Editor's note: What follows is an updated response to this question in light of the Texas Railroad Commission's August 2008 ruling on a force pooling case. (For a report on that decision, click here.) Our original response remains further below for historical context.
You can be force pooled into a drilling unit, but you still can't be forced to sign a lease. In August 2008 the Railroad Commission granted a request from Finley Resources to force pool an east Fort Worth neighborhood. It was the first time the commission used the Mineral Interest Pooling Act of 1965 to force a small property owner into a unit whether he wanted in or not. The statute previously had been used occasionally to allow a small property owner to force his way into a unit against the wishes of the larger property owner. In its ruling, the commission required that Finley and its partners, Chesapeake Energy and Dale Resources, to pay unleased property owners a 20 percent royalty on the value of production. In addition to that, the companies also must pay unleased property owners a working interest on the remaining 80 percent of production after costs are recouped.
Here's our original response, based on information we received from the Texas Railroad Commission in October 2007:
First, Texas does not allow “force pooling” for what is called “primary production.” Primary production is the initial drilling and development of a field. The Barnett Shale is under “primary development” now.
Texas does allow forced pooling for “secondary production,” an example of which is when water is injected into an older reservoir (called waterflooding) to boost production.
Oklahoma, by the way, does allow force pooling for primary production.

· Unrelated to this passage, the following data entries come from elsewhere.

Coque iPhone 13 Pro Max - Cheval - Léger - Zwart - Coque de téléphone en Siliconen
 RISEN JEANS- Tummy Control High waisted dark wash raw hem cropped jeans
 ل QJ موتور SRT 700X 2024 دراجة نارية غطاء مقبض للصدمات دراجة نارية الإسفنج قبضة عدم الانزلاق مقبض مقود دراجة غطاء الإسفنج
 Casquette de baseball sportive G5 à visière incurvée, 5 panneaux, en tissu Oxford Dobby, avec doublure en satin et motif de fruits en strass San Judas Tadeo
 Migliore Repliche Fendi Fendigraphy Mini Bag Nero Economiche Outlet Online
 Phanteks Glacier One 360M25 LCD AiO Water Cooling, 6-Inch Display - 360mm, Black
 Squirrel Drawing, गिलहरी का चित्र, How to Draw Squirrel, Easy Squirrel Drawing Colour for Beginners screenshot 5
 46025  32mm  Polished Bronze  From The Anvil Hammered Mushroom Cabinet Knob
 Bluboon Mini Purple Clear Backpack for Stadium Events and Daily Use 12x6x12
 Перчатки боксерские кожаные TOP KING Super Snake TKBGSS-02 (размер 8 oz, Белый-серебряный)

Regarding the lease: A landowner who does not sign a lease cannot be forced to participate in a lease. The unleased property may not be included in the operator’s lease acreage when applying for a drilling permit. (This could present a problem if there are a number of unleased properties in a small area, since the operator might not be able to put together enough contiguous acreage to allow a well.) In addition, the well bore may not pass directly beneath the unleased property, and it must remain at least 330 feet from their property line. If it comes closer than that, the operator must ask the Railroad Commission for an exception to this spacing rule. The unleased property owner could protest the exception, and there would be a hearing. Finally, if a landowner does not sign a lease and the well is drilled anyway, the landowner may then ask to be included in the lease. If the operator refuses, the landowner may petition the Railroad Commission to be included in the lease.